Professor Gamow tells us what to see, and how to interpret what we see. Quanta and Reality asks us how we look. If we are sure we know how we look, Gamow’s book is of great value.
It reports on
some of the most recent data regarding the
phenomena of solar energy and how the pattern of
energy flow indirectly
relates to the measurement of surface
temperature. We learn how two of
the most important properties of a star—its
brightness and the distribution of its light
with respect to wavelength—are both used to estimate the star’s
size, mass, chemical composition, its
distance from us, and so on.
Occasionally Mr. Gamow reminds us that there
yet remain a number of problems to be resolved, but the general
impression left is that contemporary science
manages more or less to keep the
situation well in hand.
In contrast to
this is the tone of Quanta and Reality. Here, it is
quite evident, the authors feel in need of
help. They come to the public for aid: not
that they expect the public to tell them the
solutions to their equations, rather it is the conceptual interpretations behind these equations which are now thrown open to discussion. The authors suggest to us that the very conceptual modes of thought we use to pose a problem may be interlaced with arbitrary and sometimes
invisible assumptions.
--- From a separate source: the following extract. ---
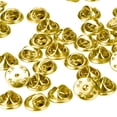 thumbnail image 5 of 200pcs Brass Clutch Badge Insignia Clutches Pin Backs Replacement(Silver/Golden Each Color 100pcs), 5 of 5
One such assumption,
as David Bohm points out, may well have
been introduced over three centuries ago with the invention of the
Cartesian Co-ordinate System. The specifying
of precise mathematical points, says
Bohm, has no real counterpart in physical
space and time. It is a mathematical convention—nothing
more. But because we do not take it as a convention, as merely an instrument of
thought, it has come to represent for us the sole means by which the structure of matter reveals itself. As a result we find ourselves in “impossible” dilemmas of thought regarding the behavior of sub-atomic particles.
But it is the
very effort to communicate their own problems in
this conscientious way that—one may hope—may
lead to the new quality of thinking they
so earnestly desire. For these physicists and
philosophers are also the public; that is, they
hunger as do we for unity in thought and life.